Shigemura suspects that a skilled actor delivered the lines to Mr. Clinton during their three-hour, 17-minute meeting, which ended with Mr. Clinton flying back to the US with two journalists who had been held for 140 days.
Shigemura is equally convinced that an actor played Kim in recent meetings with China's prime minister, Wen Jiabao, and the head of Hyundai Asan, the South Korean company responsible for developing special economic and tourist complexes in North Korea.
After the June 2000 summit, says Shigemura, Kim "was bedridden with diabetes" and "cannot walk by himself." He cites the names of three Japanese who claim to have met his look-alikes, including one who was told flatly, "I am a double."
One of them, a magician named Princess Tenko, Shigemura describes as a "close friend" of Kim, saw him more than once in visits to Pyongyang.
Fully self-possessed
Some analysts here, however, have trouble with Shigemura's analysis.
"There have been such rumors," says Kim Tae-woo, a veteran North Korea specialist at the Korea Institute of Defense Analyses. "Dictators usually do that, but we don't know whether this is real or fake."

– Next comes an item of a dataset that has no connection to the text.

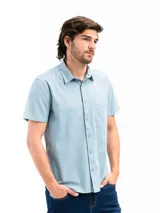 Camisa de manga corta color celeste claro, confeccionada en algodón, con cuello clásico y un bolsillo de parche en el lado izquierdo del pecho.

The North Korean leader's preoccupation these days, he says, is arranging the succession of his youngest son, Kim Jong-un, still in his late 20s.
Ryoo Kihl-jae, professor at the University of North Korean Studies, is dubious about such reports. Kim Jong-il's brother-in-law, Jang Song-taek, appears to be the most powerful figure after the Dear Leader, he says, "but his authority stems from Kim Jong-il" and two or three generals are vying for control.
For now, says Mr. Ryoo, Kim is "living well," and the reports of a double standing in for him are "just imagination."